For the first time in the short life of cryptocurrency, major crypto platforms have turned to US bankruptcy law to save their insolvent businesses. It is now largely up to the bankruptcy courts to determine how to distribute customers’ frozen crypto assets.

So far this year, crypto platforms Celsius and digital travel filed for bankruptcy and in the process stripped millions of crypto holders of assets they once controlled. Bankruptcies follow November deposit 2020 by crypto lending platform Credit about two years after the company debuted in 2018.

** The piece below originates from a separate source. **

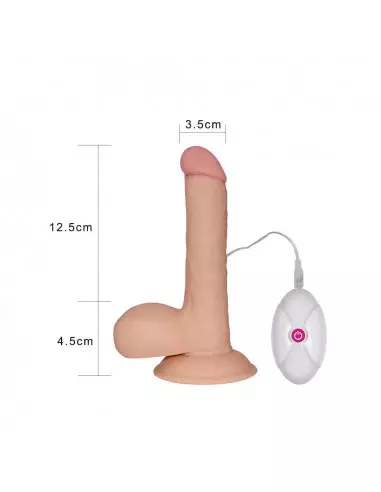 7.5" The Ultra Soft Dude Vibrátor Realisztikus vibrátorok Lovetoy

The three platforms filed under Chapter 11which is designed to help indebted companies legally get rid of a large portion of their financial obligations, revamp their business operations and emerge with a stable business.

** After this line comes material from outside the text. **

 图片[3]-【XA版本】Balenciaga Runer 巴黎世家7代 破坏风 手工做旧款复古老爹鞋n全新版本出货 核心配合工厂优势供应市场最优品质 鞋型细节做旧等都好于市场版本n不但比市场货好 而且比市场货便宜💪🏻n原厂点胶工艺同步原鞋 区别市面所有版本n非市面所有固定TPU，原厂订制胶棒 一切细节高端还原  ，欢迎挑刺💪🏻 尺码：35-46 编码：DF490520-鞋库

These claims have raised major questions about whether customers can recover their frozen funds. Bankruptcy attorneys who spoke with Yahoo Finance say the answer depends on a variety of unresolved legal issues, as well as how bankruptcy judges apply long-established rules to a relatively new business. The stakes are high for clients who have entrusted large sums of money to companies that are now bankrupt.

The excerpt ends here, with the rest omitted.